Steve Jobs left designer Jony Ive more power than anyone at Apple - ashishgandhi
http://www.appleinsider.com/articles/11/10/21/steve_jobs_left_designer_jony_ive_more_power_than_anyone_at_apple.html
======
zach
By comparison, John Lasseter has more power than anyone at Pixar. I think the
situation could be similar.

Now, sure, he has to commit to budgets and timeframes but if he _really_ wants
something you have to figure it's going to happen.

And of course, he's not the top manager, the CEO equivalent in charge of the
studio itself — Ed Catmull is.
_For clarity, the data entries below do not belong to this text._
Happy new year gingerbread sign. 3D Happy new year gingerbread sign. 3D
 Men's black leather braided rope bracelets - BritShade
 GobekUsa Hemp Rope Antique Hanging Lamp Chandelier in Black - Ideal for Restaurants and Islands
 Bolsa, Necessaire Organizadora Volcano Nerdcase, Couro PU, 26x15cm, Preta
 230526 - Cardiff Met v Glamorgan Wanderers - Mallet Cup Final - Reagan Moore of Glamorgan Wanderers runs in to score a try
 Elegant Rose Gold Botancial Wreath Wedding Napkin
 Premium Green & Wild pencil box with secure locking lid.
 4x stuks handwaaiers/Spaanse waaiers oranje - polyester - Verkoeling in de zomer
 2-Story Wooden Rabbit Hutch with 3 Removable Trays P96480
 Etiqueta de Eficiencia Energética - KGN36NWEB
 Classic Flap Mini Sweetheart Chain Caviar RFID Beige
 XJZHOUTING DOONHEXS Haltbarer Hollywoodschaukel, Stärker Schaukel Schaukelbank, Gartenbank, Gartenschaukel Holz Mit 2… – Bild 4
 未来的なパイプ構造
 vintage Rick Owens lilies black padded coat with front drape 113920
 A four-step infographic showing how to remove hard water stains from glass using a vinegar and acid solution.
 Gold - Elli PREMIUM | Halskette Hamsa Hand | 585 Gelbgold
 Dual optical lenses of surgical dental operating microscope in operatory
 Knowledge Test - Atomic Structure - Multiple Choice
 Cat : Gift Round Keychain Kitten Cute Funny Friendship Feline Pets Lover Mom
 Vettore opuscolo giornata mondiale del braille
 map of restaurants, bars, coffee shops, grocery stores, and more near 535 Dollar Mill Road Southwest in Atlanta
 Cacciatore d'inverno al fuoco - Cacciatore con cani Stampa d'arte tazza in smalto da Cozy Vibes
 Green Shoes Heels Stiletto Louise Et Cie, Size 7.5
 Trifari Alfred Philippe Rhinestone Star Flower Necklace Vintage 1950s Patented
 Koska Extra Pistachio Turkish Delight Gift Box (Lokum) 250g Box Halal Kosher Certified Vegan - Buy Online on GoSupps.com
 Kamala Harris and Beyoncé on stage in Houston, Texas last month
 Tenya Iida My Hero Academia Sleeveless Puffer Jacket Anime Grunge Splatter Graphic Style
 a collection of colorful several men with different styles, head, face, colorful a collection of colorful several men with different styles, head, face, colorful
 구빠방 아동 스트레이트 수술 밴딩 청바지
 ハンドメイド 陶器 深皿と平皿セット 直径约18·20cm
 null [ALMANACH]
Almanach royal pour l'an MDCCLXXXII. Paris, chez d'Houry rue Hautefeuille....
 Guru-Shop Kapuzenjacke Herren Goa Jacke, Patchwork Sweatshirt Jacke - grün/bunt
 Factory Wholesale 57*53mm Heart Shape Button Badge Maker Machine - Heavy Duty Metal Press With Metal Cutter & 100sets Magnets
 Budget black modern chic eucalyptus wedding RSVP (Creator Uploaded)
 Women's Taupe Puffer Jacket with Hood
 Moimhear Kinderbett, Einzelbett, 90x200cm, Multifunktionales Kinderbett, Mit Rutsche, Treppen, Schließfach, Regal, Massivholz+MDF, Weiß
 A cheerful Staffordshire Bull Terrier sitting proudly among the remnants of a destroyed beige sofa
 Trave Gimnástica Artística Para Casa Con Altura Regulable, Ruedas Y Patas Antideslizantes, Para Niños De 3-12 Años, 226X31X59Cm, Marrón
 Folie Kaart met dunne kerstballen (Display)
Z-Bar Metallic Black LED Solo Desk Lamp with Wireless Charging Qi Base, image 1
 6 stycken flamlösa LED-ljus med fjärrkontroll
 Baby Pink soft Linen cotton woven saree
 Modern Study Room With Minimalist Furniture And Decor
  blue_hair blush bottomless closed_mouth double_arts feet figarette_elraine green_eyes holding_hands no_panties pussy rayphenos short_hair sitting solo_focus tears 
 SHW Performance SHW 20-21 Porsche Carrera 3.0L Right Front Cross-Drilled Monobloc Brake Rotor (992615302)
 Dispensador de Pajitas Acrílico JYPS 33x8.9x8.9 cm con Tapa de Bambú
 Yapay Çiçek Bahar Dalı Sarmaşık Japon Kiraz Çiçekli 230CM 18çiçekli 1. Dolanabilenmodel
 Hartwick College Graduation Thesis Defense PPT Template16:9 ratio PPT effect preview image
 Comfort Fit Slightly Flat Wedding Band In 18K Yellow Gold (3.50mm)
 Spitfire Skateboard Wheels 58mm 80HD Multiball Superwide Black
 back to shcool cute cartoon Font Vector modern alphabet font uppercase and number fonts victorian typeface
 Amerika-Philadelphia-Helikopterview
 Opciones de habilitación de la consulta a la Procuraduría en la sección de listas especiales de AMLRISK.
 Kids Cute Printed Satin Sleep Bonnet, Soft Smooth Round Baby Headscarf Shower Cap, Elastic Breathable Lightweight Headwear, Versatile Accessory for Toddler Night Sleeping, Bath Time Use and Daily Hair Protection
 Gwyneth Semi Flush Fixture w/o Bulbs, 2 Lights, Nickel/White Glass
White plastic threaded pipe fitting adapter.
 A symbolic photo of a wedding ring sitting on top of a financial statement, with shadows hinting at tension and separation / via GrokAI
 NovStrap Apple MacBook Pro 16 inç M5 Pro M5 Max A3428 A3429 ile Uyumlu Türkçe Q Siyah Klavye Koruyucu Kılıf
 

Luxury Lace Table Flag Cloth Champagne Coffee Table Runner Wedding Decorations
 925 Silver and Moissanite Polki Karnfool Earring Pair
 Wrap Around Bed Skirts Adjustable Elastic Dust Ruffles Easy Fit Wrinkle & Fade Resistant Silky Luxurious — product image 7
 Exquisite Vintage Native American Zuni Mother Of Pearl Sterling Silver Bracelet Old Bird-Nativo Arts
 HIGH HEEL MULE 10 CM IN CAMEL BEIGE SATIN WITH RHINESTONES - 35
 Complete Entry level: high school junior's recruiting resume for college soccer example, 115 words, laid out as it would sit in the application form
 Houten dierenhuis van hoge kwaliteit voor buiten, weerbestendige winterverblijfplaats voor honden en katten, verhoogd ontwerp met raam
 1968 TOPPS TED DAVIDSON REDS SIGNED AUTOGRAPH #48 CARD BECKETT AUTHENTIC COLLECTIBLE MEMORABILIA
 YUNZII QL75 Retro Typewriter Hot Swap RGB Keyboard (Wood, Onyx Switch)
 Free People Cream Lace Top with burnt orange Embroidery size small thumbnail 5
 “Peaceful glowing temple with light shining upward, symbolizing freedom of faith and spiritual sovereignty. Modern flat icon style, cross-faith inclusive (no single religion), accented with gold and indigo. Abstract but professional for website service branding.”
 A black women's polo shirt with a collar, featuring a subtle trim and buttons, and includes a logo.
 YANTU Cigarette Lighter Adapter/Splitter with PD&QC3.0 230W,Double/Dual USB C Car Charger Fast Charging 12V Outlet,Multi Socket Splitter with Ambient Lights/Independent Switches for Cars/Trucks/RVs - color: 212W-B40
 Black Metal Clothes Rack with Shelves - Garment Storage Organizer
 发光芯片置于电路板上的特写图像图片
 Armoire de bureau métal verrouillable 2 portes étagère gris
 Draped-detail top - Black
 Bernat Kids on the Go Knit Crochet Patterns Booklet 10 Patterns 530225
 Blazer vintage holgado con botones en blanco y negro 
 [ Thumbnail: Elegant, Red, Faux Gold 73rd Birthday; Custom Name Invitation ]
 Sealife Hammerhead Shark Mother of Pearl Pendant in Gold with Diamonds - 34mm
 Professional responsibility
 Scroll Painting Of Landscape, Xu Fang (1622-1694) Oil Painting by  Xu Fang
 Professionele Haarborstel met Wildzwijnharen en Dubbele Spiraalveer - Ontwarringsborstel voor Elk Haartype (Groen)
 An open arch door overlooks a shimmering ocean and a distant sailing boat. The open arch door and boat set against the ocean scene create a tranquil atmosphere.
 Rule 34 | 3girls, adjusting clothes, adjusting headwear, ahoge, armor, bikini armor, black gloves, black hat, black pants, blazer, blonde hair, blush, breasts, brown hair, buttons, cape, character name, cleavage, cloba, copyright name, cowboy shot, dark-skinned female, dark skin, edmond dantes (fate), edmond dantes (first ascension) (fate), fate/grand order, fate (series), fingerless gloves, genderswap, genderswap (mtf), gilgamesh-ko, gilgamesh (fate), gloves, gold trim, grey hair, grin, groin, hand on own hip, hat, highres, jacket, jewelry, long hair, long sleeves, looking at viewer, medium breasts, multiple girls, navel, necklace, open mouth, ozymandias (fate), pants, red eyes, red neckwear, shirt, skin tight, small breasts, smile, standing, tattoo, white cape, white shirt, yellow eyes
And yes, everything creative gets picked apart
by other directors so it's not like he's the only voice.

But you'd have to say John Lasseter has more power than anyone at Pixar,
assuming you wanted to look at things that way.

You could also say he's the creative heart of Pixar.

It's sure nice that those two things match up.

Edit: I explored this subject in my Quora answer on Pixar, Valve and Blizzard
for those interested.

[http://www.quora.com/What-are-some-commonalities-in-how-
Pixa...](http://www.quora.com/What-are-some-commonalities-in-how-Pixar-Valve-
and-Blizzard-are-run-as-organizations/answer/Zach-Baker)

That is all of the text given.